Naming Your Business

Many entrepreneurs associate the first steps of building their business with choosing a name. For some, it’s been floating around in their mind for years. For others, they have a hard time pinpointing something that feels right.

Whether you’ve got it figured out or have no idea where to begin, it’s always a good idea to go back to the basics. Here are some tips for choosing a strong company name and protecting it from others.

Start at the Company’s Core

Identifying your company values and mission is a great place to start when it comes to naming your business. You should think about what your company stands for, who you serve, and how you’re different from competitors. Each of these should be factored into the name.

Consider answering the following questions:

  • How do we want people to feel when they hear the name?
  • What do we want people to think when they hear the name?
  • What should our name communicate?
  • What do our competitors’ names mean, and how can we be different?
  • Will our company name be short and easy or unique and different?

Avoid Acronyms

As important as it is to be memorable, you don’t want to take the wordplay strategy too far. You want potential customers to be able quickly find you online, so using an easily confused acronym should be avoided.

Being a small business, you want your company name to clearly communicate who you are, and usually, an acronym won’t get you there. You simply don’t have the marketing resources or time to spread brand awareness and education on what the acronym stands for.

Stay Small and Proud

It’s great that you have aspirations to serve global markets. However, incorporating these ambitions into the company’s name likely isn’t realistic. You’re a small business—a local expert. It’s why your customers want to work with or visit you.

By attaching a “global” or “enterprise” adjective to appear bigger than you are can backfire. Keep your name true to your local market to attract nearby, loyal customers.

Do Your Homework

Finding the perfect name only to discover it’s already claimed by another company can be a major setback.

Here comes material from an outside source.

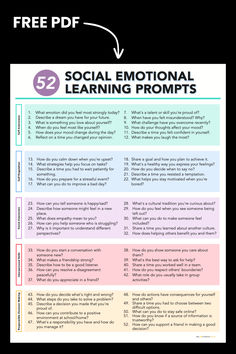 52 Social Emotional Learning Prompts Social Skills Adults, Social Emotional Learning High School, Values Education, Social Emotional Activities, Mood Changes, Social Emotional Learning Activities, Social Emotional Skills, Counseling Activities, Counseling Resources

Not only could you have hurdles trying to get your business off the ground, but you could also be infringing on others’ trademarks. However, your company name can be similar to another if it’s in a completely different industry or market.

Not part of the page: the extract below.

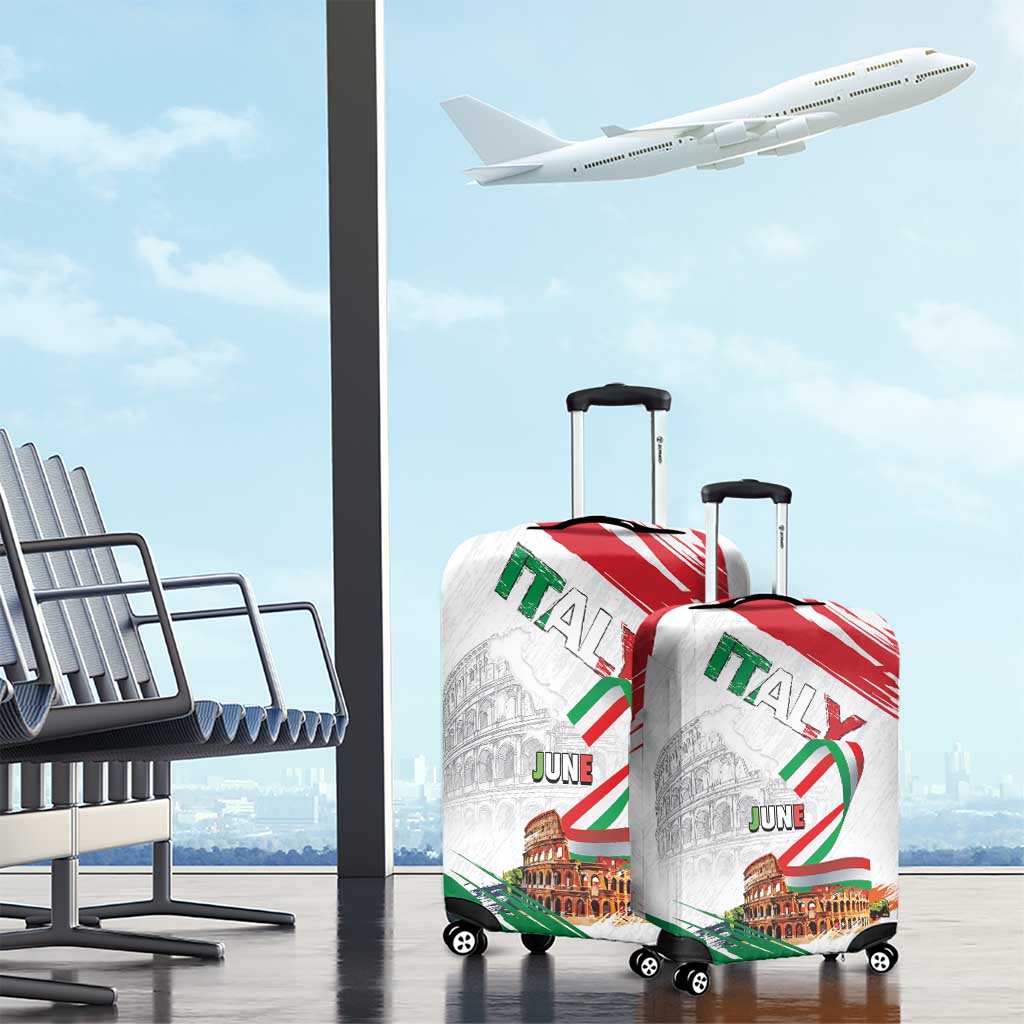 Italian National Day Luggage Cover Festa della Repubblica-The Colosseum Grunge Style LT03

Your state has a secretary of state or a similar agency that maintains business filings. Each state’s organization has an online search tool so you can see if another company is already using the name you’re thinking about. Do a quick search before you start printing business cards and signage.

Think About Spelling

Just as you want to be careful with acronyms and “cute” names, you also want to be cautious of commonly misspelled words. If a customer Googles your name and they spell the company wrong, they may never find you.

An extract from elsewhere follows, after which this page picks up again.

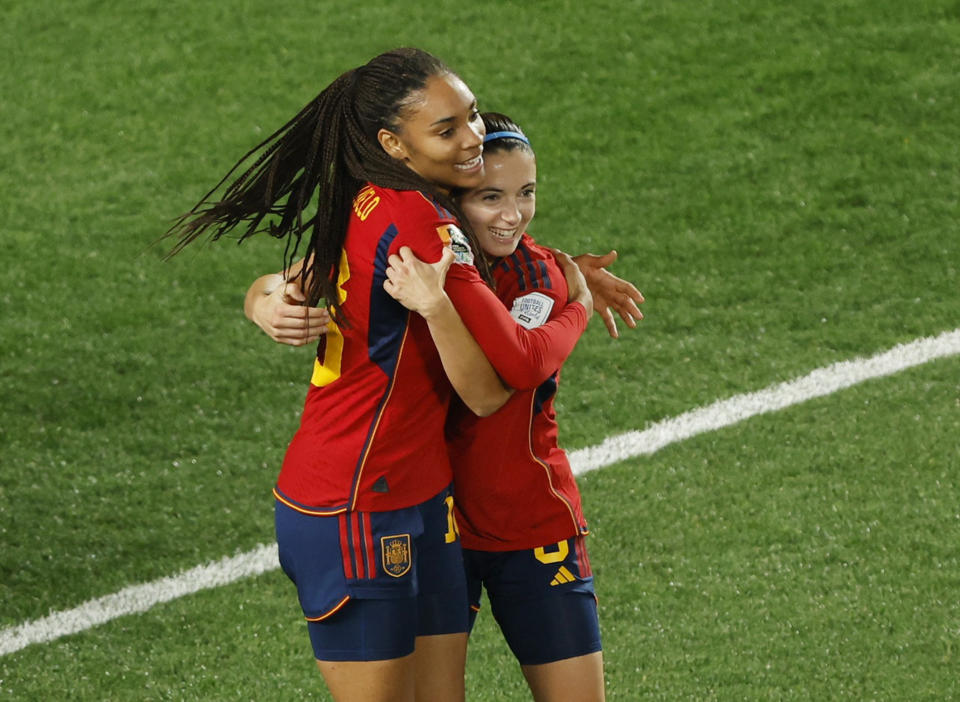 Soccer Football - FIFA Women’s World Cup Australia and New Zealand 2023 - Semi Final - Spain v Sweden - Eden Park, Auckland, New Zealand - August 15, 2023 Spain's Salma Paralluelo celebrates scoring their first goal with Aitana Bonmati REUTERS/Amanda Perobelli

Look at your list of options to ensure none of them have alternate spellings or could be misspelled. Make sure your company name is easy to spell and remember.

Register Your Name

Once you land upon a name after following the previous tips, it’s time to register the company name. You want to protect your hard work so that when other entrepreneurs are doing their homework, you have nothing to worry about.

When you submit the company name to the official state registry, you can go about it three ways:

  1. File a DBA – DBA, or Doing Business As, is a way to register the operating name, not the legal name, of a business. If you have a sole proprietorship, you can have the option to register the official name or a DBA. Some states require DBAs in order to protect its consumers.
  2. Determine a business structure – You’ll need to decide if your company structure, like a corporation or an LLC. When you register your business’ structure, you’re also filing your company name with the state’s registry.
  3. Register a trademark – If you trademark your company name and register it with the state, you’ll receive the highest level of protections if another company wants to use your name.

No matter how you approach it, registering your new name with the state ensures its protected from being used by another up and coming company.